Mort is the oldest brother, 95 yrs young and still keeps himself occupied with making his own cheese and ínventing’ perpetual motion machines!  He has a great singing voice and is convinced that  all the woes of the world are caused by man’s greed for money. To listen to he & my father passionately debate this issue was an education in itself!

In spite of his advanced years he is still as sharp as a tack with a healthy sense of humour and a twinkle in his eye. Still drives his car down to the nearest town, which is an hour drive for most people, along steep winding roads at a very healthy pace!

Alec, his younger brother lives semi-permanently in a cabin separated from Mort’s by a large machinery shed. Alec is the ‘entrepeneur’ of the family, he , along with Ossie saw the opportunities in the Cradle Mt. region many years ago and together they built the first commercial accomodation, built in the area, Pencil Pine Lodge.

At heart, Alec is most happy when he is at the controls of an earth-moving machine of some sort and is always tinkering with something along those lines. His cabin is a single room shack that was an old Hydro shack he saw on the back of  a semi-trailer one day and later bought for around $100.

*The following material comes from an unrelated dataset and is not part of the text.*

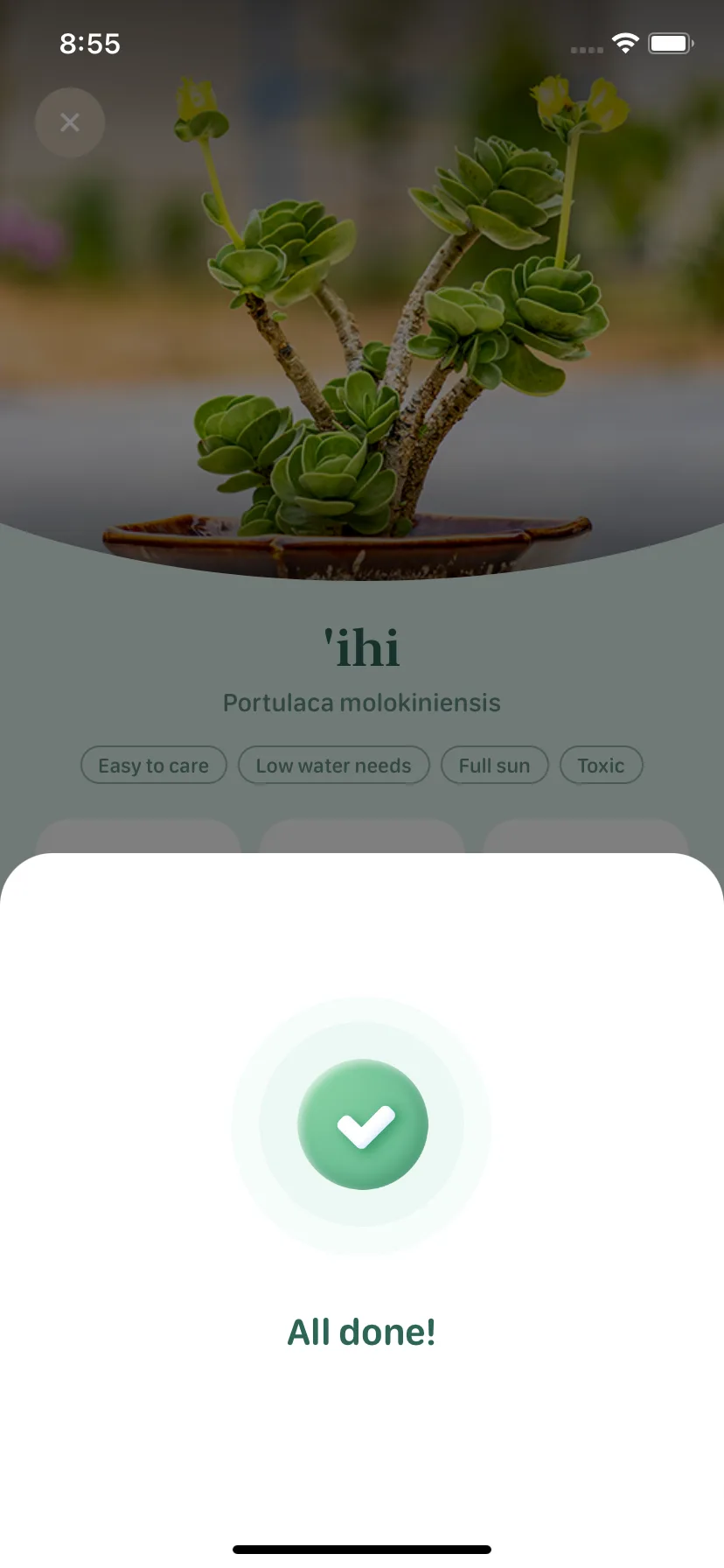 Test Image 10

One of the worlds great talkers, (heaven help you if he calls you on the phone!) he knows everyone, has a great fund of stories and is always seeing new opportunities and has a heart of gold as well!

One day these two great old men will be gone, I am proud to have met them through my father and the world will be less for their passing. In the meantime, I hope I have captured them in a way that shows the essence of these two ‘old timers’!